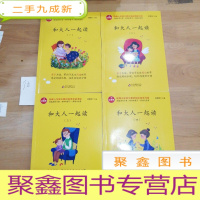 正 九成新和大人一起读/统编版小学生语文教材丛书(全四册)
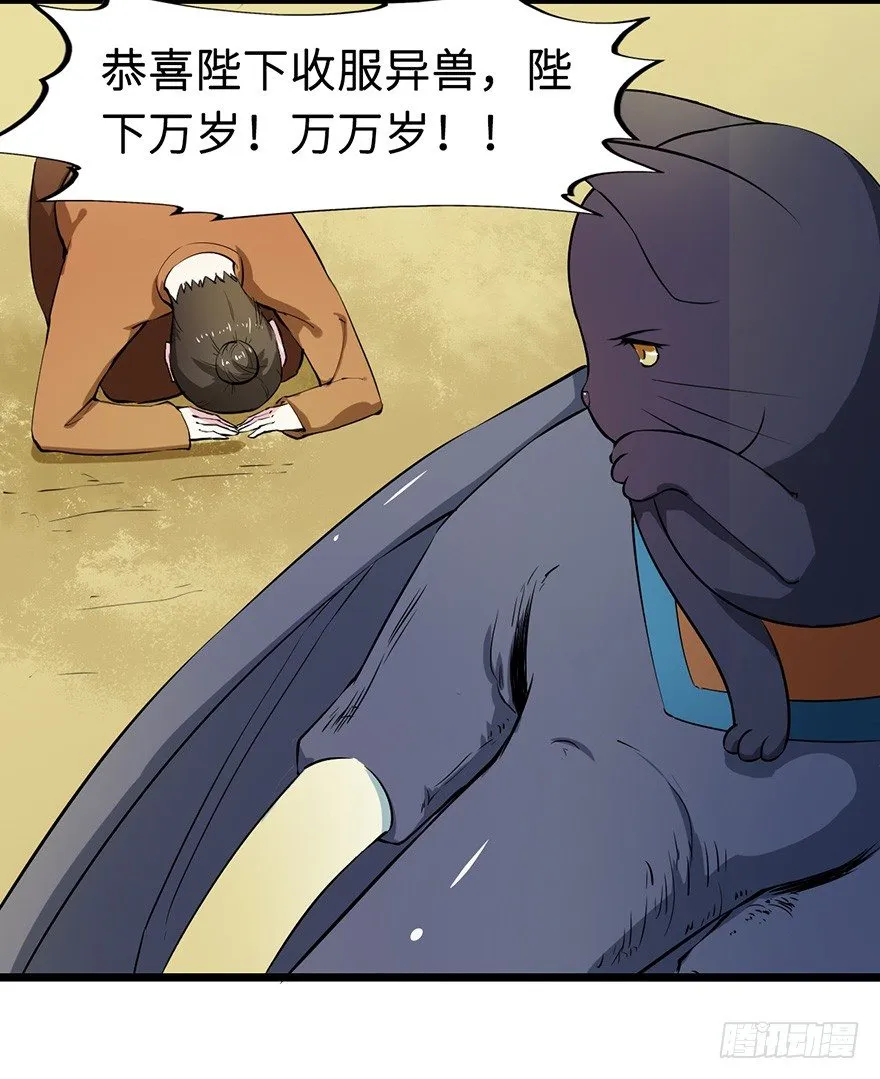 003国师的夺命预言 第12页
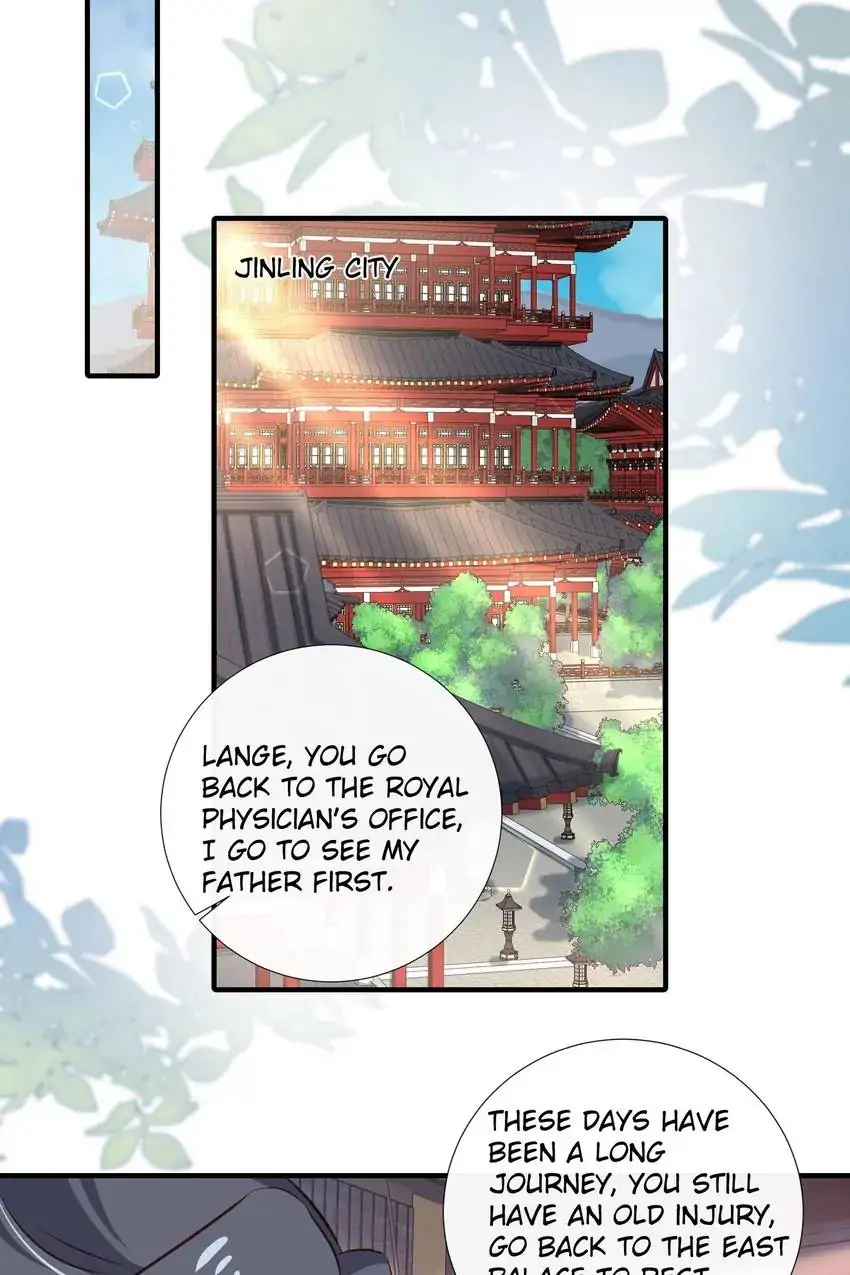 Ravishing Physician: Yield To Me, Your Royal Highness Chapter 98 - page 19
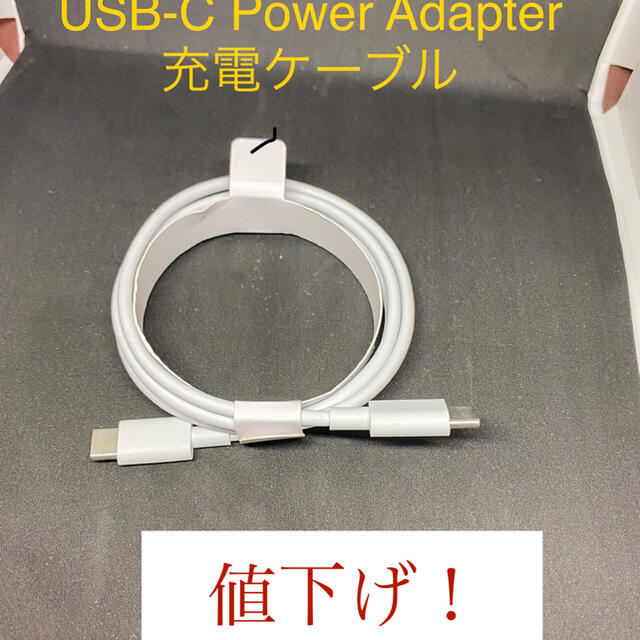 Google(グーグル)のGoogle純正品 USB-C - タイプC ケーブル　充電器 スマホ/家電/カメラのスマートフォン/携帯電話(バッテリー/充電器)の商品写真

----

Task prompt — The response must restate each line of the material above exactly and contain no images.

Exercise response —
 正 九成新和大人一起读/统编版小学生语文教材丛书(全四册)
 003国师的夺命预言 第12页
 Ravishing Physician: Yield To Me, Your Royal Highness Chapter 98 - page 19
 Google(グーグル)のGoogle純正品 USB-C - タイプC ケーブル　充電器 スマホ/家電/カメラのスマートフォン/携帯電話(バッテリー/充電器)の商品写真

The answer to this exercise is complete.